To Follows’ eyes, 38.5 percent is actually not too bad — that’s more than a third, which is at least some small distance from total box-office dominate. But look at this chart:

That’s not exactly a clear trend. The percentage of original movies in the U.S. top 10 drops to zero in 2010, then goes back up to 30 for each of the next two years. But those consecutive zeroes in 2013 and 2014 look bad, and there’s nothing on the horizon to indicate that 2015 will be any better. (What might have been the greatest hope, Disney’s “Tomorrowland,” went down in futuristic flames.) Matters, not surprisingly, get better as you move down the food chain; according to Follows, just over half (52 percent) of movies in the bottom 50 of the top 100 grossers are “truly original.” But that still means that the cultural conversation is being dominated by movies that, in marketing terms, were born on third base.
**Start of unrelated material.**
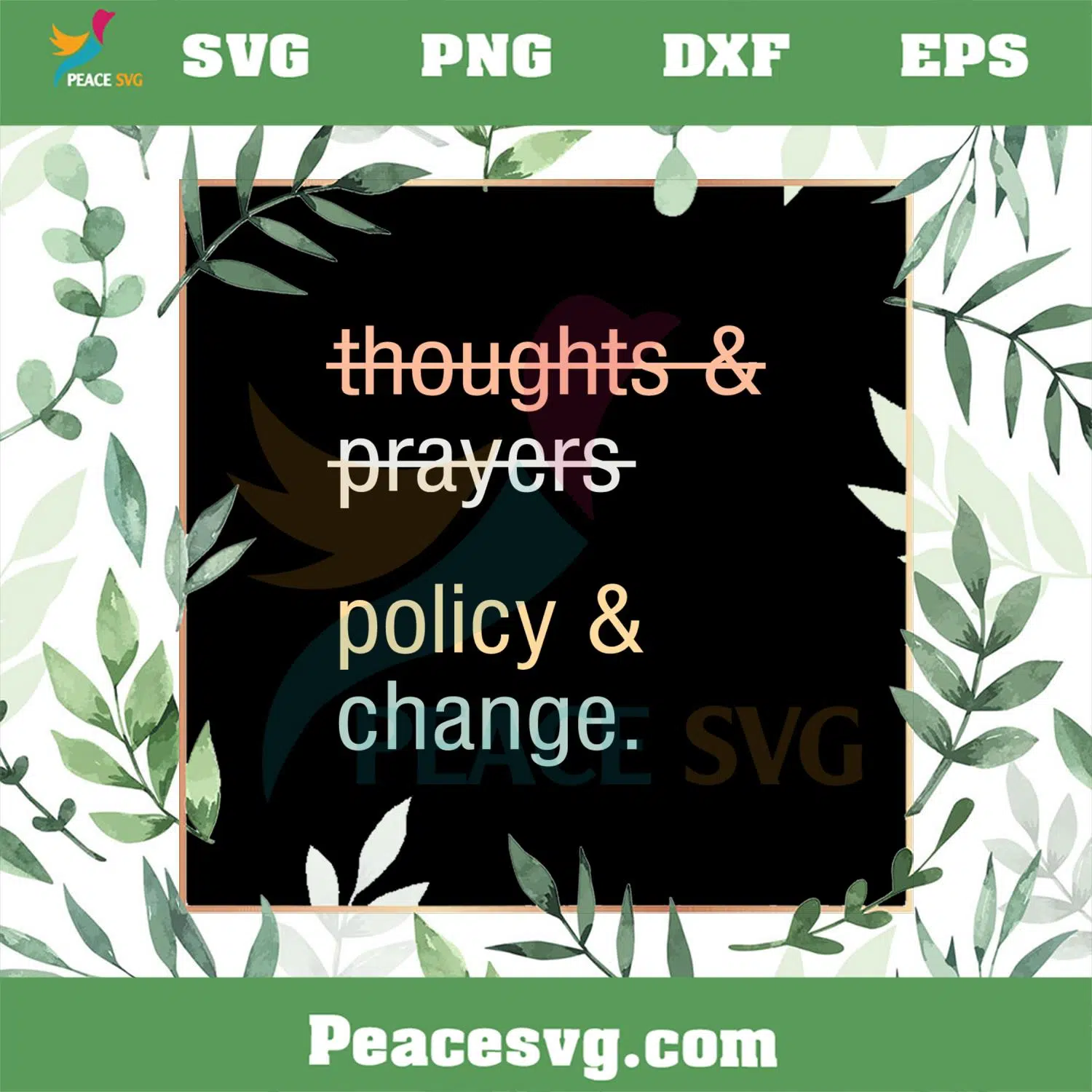 Cheap Anti Gun Thoughts And Prayers Policy Change SVG Cutting Files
What hope does an original property have against “Furious Seven” or “Age of Ultron“?

The question remains, though, whether the line between “original” and not is the one we want to draw (or, for the matter, whether it matters, since it’s doubtful the trend is at all reversible). Technically, as Darren Franich pointed out at Entertainment Weekly, “San Andreas” is an original movie and “Mad Max: Fury Road” is not, but the latter has far more new ideas in it. You could even argue that being the fourth film in a series lets “Fury Road” be more original, since George Miller and co. don’t have to bother themselves with any pesky exposition — not even a few minutes of cartoon DNA-splanation. The same goes for “Furious Seven,” whose final sequence, bidding farewell to the franchise’s late star Paul Walker, would hardly have the same weight without the movies — and the real-life tragedy — behind it. It’s true there’s nothing as thrilling as a genuinely distinctive vision, but then, one of the most singular indies in theaters right now is the Safdie brothers’ “Heaven Knows What,” an abrasive and harrowing story of addiction and obsessive love that’s based on the autobiographical writing of star Arielle Holmes. Technically, it’s as much an adaptation as “American Sniper,” but it still like nothing you’ve ever seen.